[DIRECTIONS] Among the entries that follow, the required portion opens with the line containing "Stag Bachelor Party Memo Pad" and closes with the line containing "Apartamento, Barro Preto, 1". Give that portion again exactly, and nothing else.

[DATA UNDER STUDY]

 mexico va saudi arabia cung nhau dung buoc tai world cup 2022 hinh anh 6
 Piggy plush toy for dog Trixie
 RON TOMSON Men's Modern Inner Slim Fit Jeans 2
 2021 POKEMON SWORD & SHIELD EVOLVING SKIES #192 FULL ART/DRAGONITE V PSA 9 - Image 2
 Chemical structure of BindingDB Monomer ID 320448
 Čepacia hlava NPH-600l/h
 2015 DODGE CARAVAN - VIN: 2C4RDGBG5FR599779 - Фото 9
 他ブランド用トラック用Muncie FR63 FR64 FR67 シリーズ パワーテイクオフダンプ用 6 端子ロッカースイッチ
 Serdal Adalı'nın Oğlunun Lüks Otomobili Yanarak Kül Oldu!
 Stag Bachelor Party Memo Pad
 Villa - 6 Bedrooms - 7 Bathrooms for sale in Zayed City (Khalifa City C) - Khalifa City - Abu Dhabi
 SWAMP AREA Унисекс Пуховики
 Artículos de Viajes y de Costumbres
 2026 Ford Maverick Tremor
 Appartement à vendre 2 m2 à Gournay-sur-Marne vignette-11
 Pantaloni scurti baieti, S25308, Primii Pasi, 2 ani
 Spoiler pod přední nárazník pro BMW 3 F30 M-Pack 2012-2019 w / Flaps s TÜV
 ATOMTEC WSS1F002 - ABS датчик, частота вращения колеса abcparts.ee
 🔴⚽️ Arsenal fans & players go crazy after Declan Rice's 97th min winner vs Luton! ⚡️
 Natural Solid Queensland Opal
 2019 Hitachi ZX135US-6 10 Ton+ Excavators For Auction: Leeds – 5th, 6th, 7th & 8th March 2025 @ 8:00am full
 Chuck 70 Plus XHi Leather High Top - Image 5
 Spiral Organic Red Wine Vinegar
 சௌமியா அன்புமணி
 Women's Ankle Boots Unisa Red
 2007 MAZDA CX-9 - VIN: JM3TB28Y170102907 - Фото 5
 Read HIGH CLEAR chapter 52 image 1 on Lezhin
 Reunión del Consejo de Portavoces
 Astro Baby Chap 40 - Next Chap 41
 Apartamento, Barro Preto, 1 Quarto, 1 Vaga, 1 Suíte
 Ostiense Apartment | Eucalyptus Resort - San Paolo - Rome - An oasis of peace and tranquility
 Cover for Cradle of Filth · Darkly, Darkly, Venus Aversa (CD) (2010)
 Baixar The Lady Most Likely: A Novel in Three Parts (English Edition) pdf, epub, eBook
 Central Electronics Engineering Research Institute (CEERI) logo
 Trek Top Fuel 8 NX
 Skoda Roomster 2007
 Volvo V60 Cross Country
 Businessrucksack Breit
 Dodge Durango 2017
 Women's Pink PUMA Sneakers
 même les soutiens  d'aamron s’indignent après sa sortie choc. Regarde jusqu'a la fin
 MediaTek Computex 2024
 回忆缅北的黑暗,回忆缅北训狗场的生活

[PROBLEM SOLUTION]
 Stag Bachelor Party Memo Pad
 Villa - 6 Bedrooms - 7 Bathrooms for sale in Zayed City (Khalifa City C) - Khalifa City - Abu Dhabi
 SWAMP AREA Унисекс Пуховики
 Artículos de Viajes y de Costumbres
 2026 Ford Maverick Tremor
 Appartement à vendre 2 m2 à Gournay-sur-Marne vignette-11
 Pantaloni scurti baieti, S25308, Primii Pasi, 2 ani
 Spoiler pod přední nárazník pro BMW 3 F30 M-Pack 2012-2019 w / Flaps s TÜV
 ATOMTEC WSS1F002 - ABS датчик, частота вращения колеса abcparts.ee
 🔴⚽️ Arsenal fans & players go crazy after Declan Rice's 97th min winner vs Luton! ⚡️
 Natural Solid Queensland Opal
 2019 Hitachi ZX135US-6 10 Ton+ Excavators For Auction: Leeds – 5th, 6th, 7th & 8th March 2025 @ 8:00am full
 Chuck 70 Plus XHi Leather High Top - Image 5
 Spiral Organic Red Wine Vinegar
 சௌமியா அன்புமணி
 Women's Ankle Boots Unisa Red
 2007 MAZDA CX-9 - VIN: JM3TB28Y170102907 - Фото 5
 Read HIGH CLEAR chapter 52 image 1 on Lezhin
 Reunión del Consejo de Portavoces
 Astro Baby Chap 40 - Next Chap 41
 Apartamento, Barro Preto, 1 Quarto, 1 Vaga, 1 Suíte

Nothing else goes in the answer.